3. Die Völkerwanderung. So haben nun die Deutschen lange
Jahre die Römer zwischen und über sich wohnen gehabt, [vor allem an
dem größten deutschen Strom, von dem die Chronik noch tausend Jahre
später schrieb: „Er fließt mitten durch Deutschland," am Rhein. Sie
haben viel von den Römern gelernt in Handel und Kunst, Brückenbau
und Schiffahrt, und allenthalben in der Rheinprovinz gräbt man noch
jetzt alte römische Geräte und Waffen und andere Spuren ihres Lebens
aus der Erde. In Trier haben sogar die römischen Kaiser eine Zeitlang
gewohnt, noch jetzt steht dort das herrliche Römertor, die Porta nigra
und die Trümmer des Kaiserpalastes und der herrlichen Badehallen, in
denen dort die Römer Gesundheit und Vergnügen gesucht haben. Auch
das Christentum ist in diese westlichen Teile von Deutschland gedrungen.

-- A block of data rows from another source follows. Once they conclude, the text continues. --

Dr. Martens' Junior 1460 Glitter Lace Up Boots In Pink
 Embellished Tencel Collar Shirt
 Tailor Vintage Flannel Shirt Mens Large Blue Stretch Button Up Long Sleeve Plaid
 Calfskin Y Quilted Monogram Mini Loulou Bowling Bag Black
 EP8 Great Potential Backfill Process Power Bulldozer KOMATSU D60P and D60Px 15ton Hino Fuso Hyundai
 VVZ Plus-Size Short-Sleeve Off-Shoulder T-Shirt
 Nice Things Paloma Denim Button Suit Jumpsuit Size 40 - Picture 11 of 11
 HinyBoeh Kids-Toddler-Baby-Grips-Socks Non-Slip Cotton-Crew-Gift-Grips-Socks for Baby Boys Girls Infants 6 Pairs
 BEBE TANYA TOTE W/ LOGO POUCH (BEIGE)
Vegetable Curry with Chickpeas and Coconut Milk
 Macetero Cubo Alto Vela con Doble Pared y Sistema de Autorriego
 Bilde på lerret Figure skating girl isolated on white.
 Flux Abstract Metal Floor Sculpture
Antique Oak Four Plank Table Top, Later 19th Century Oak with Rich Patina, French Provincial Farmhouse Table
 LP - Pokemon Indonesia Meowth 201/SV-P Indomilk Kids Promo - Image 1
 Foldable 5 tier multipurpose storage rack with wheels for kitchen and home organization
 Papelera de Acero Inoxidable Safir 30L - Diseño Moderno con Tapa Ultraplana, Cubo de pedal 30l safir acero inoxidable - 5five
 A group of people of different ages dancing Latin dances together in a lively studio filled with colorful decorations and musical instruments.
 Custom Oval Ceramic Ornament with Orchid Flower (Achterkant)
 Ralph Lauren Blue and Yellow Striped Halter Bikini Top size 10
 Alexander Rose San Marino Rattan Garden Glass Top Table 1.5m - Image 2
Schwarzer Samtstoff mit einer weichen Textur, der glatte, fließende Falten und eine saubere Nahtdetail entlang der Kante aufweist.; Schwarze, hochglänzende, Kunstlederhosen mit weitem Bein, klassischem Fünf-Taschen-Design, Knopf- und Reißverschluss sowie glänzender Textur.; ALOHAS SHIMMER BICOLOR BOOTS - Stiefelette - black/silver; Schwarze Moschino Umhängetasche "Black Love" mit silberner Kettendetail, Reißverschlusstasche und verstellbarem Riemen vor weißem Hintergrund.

Aber je weiter es nach Osten ging, desto mehr hörte alle Römerherrschaft
auf, und mitten durch Deutschland, von Rügen über die Gegenden, wo
jetzt Berlin, Dresden und Wien liegen, bis an die Alpen heran war ein
Landstreifen ganz menschenleer, da trennten sich die Westgermanen von
den Ostgermanen. Bis dann auf einmal aus den Grassteppen Asiens
ein wildes Reitervolk hervorbrach, die Hunnen, das sich auf die Ost-
germanen stürzte und sie vorwärts drängte nach Süden und Osten. Die
ganzen deutschen Völker fingen an, sich durcheinanderzuschieben, und so
klopften sie auch wieder an die Tore des römischen Reiches und haben
sie endlich aufgebrochen und das Reich überschwemmt, bis sie zuletzt wirk-
lich über die Alpen kamen und vor die Mauern der alten Hauptstadt
der Welt, die Mauern von Rom. Das war das edle Volk der West»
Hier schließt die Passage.